Multi-Touch and Embedded Themes

In terms of themes for submitted papers, both multi-touch and embedded touch were strong R&D subjects this year. Accordingly, each has a session dedicated to it. Multi-touch is "hot," of course, and embedded or "in-cell" touch – incorporating the touch into the display itself rather than as an overlay – "that's the nirvana of touch," says Senior. In-cell touch will enable designs that are more elegant – and less expensive. For more about in-cell technology, see "LCD In-Cell Touch" in this issue. The multi-touch session includes the invited papers, "What Multi-Touch Is All About," by Jeff Han from Perceptive Pixel, and "In-Cell Embedded Touch-Screen Technology for Large-Sized LCD Applications" by Seiki Takahasi from Samsung. The embedded session has six papers, including "Novel LCD with a Sensing Backlight" by Kwonju Yi from Samsung Electronics and "Embedded Si-Based Photonic Sensor in TFT-LCD Technology Integrated as a Multi-Function Touch-Input Display" by An-Thung Cho from AU Optronics Corp.

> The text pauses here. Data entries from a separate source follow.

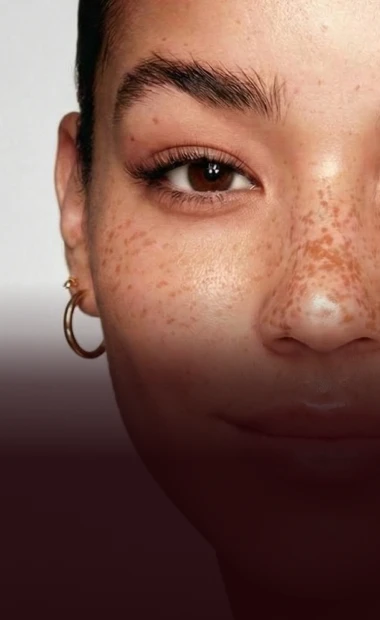 Brow lift procedure in San Miguel de Allende, enhancing facial aesthetics with expert cosmetic facial surgery by experienced surgeons in Mexico.
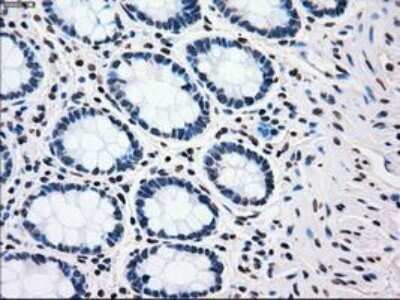 Immunohistochemistry: PLK1 Antibody (OTI1D4) - Azide and BSA Free [NBP2-73472]
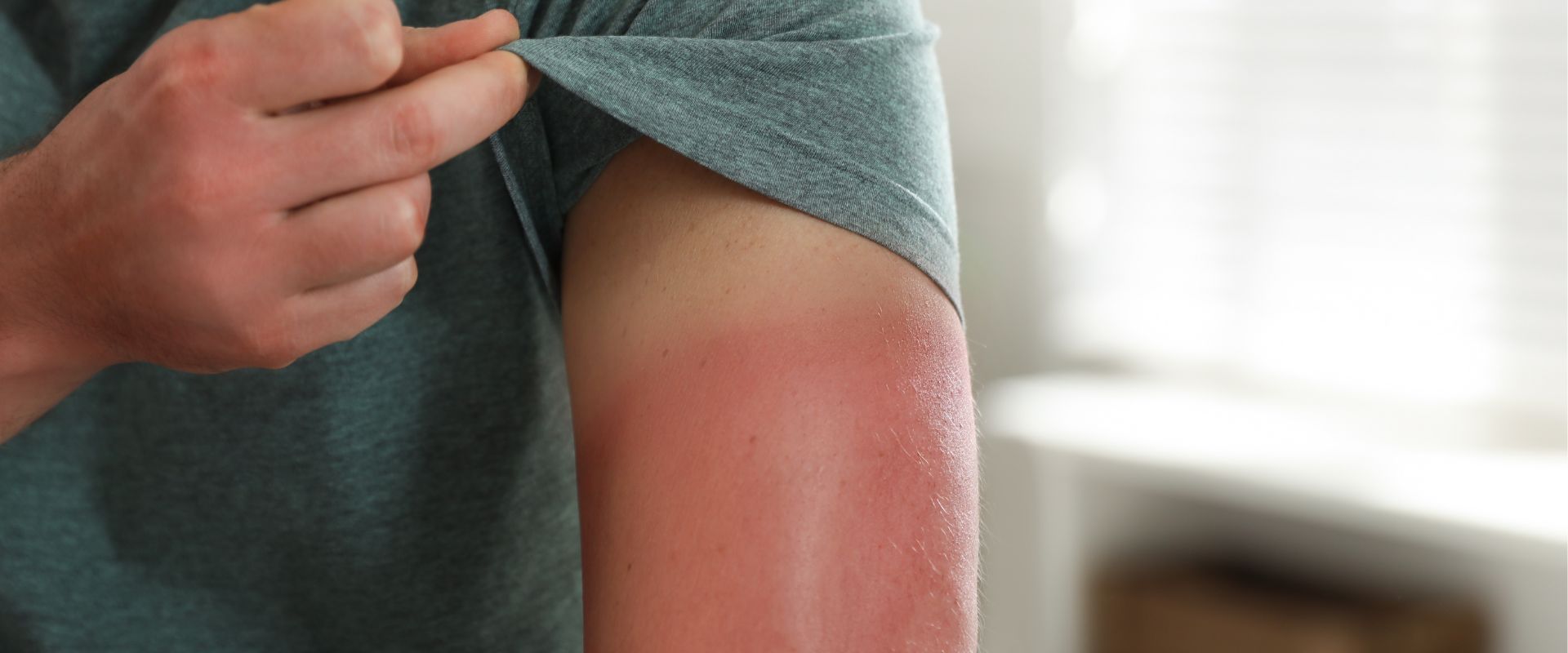 Lire la suite à propos de l’article Coup de soleil : que faire et quand consulter ?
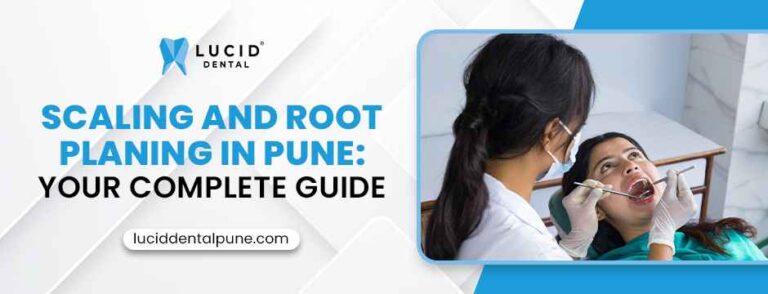 Root Planing in Pune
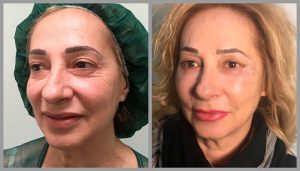 blepharoplasty eye lid eyebag surgery before and after photos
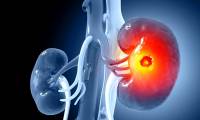 US: Breakthrough kidney cancer vaccine development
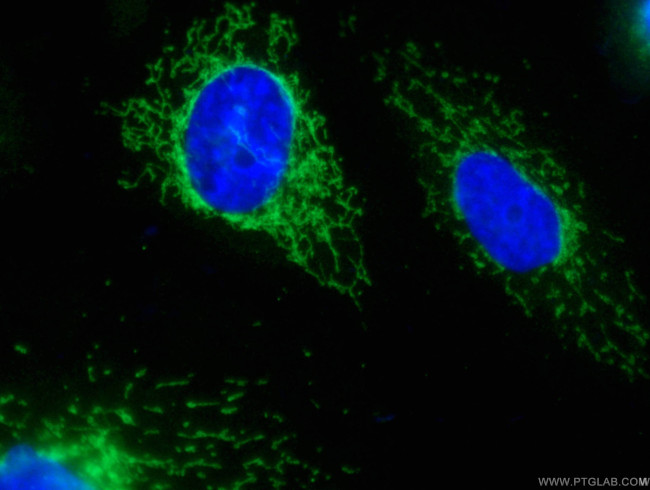 SOD2 Antibody in Immunocytochemistry (ICC/IF)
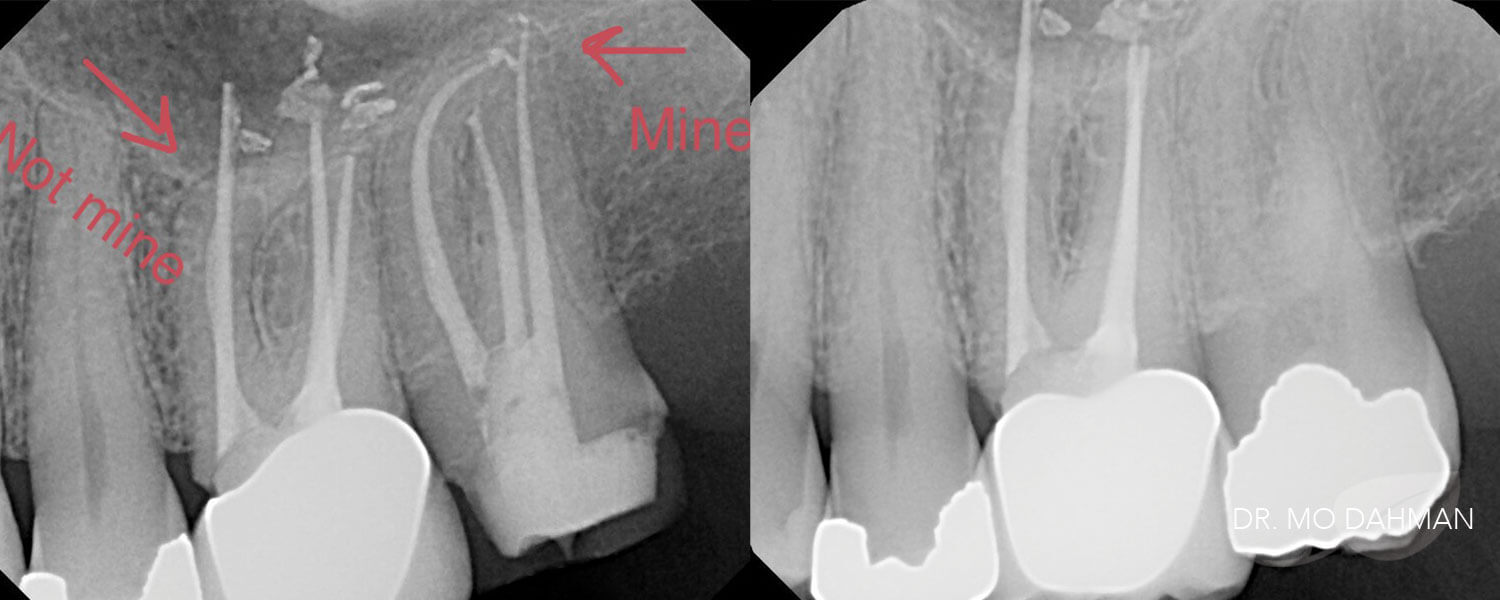 A couple xrays comparing root canals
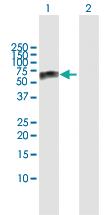 Anti-GBA Rabbit Polyclonal Antibody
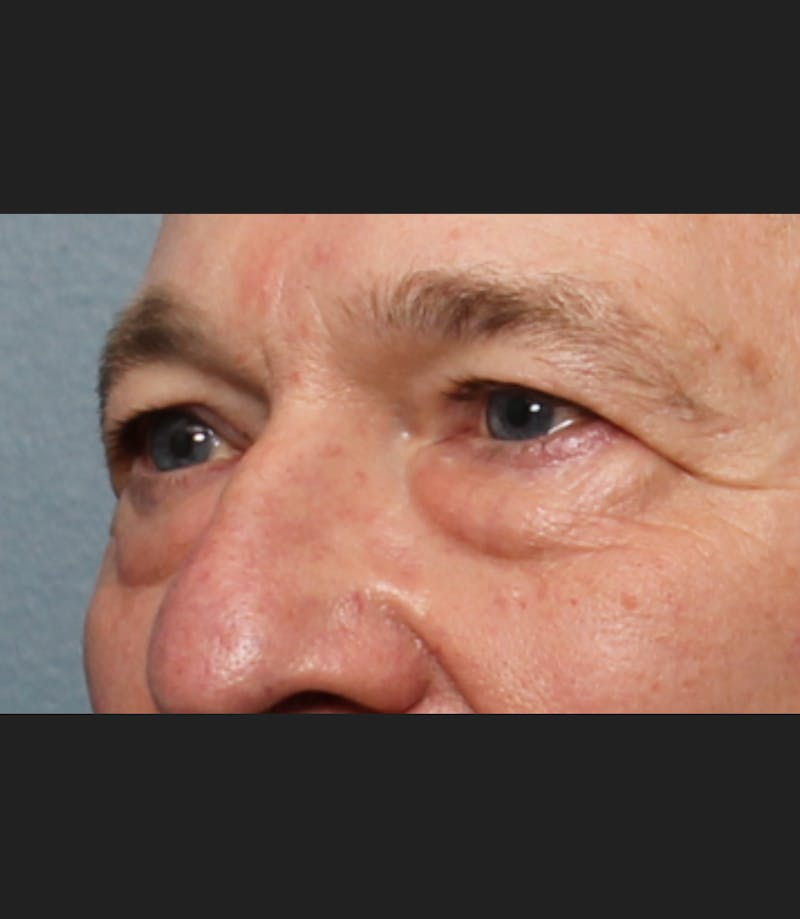 Blepharoplasty & Browlift Before & After Gallery - Patient 834030 - Image 5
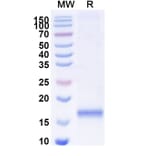 SDS-PAGE - Anti-SARS-CoV-2 Spike Protein Nanobody [SAA1091] (A338079) - Antibodies.com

Although Display Week 2010's technical symposium is rich with offerings in many areas, attendees should be sure to attend at least a few of the touch sessions because the year to come will undoubtedly be a pivotal one for touch. The featured papers will describe not only where the technology is headed, but where it came from, and how certain types of touch solutions may rise to the top over the next few years.

References

1G. Walker, "Display Week 2009 Review: Touch Technology," Information Display (August 2009). •

 


Jenny Donelan is the Managing Editor of Information Display magazine.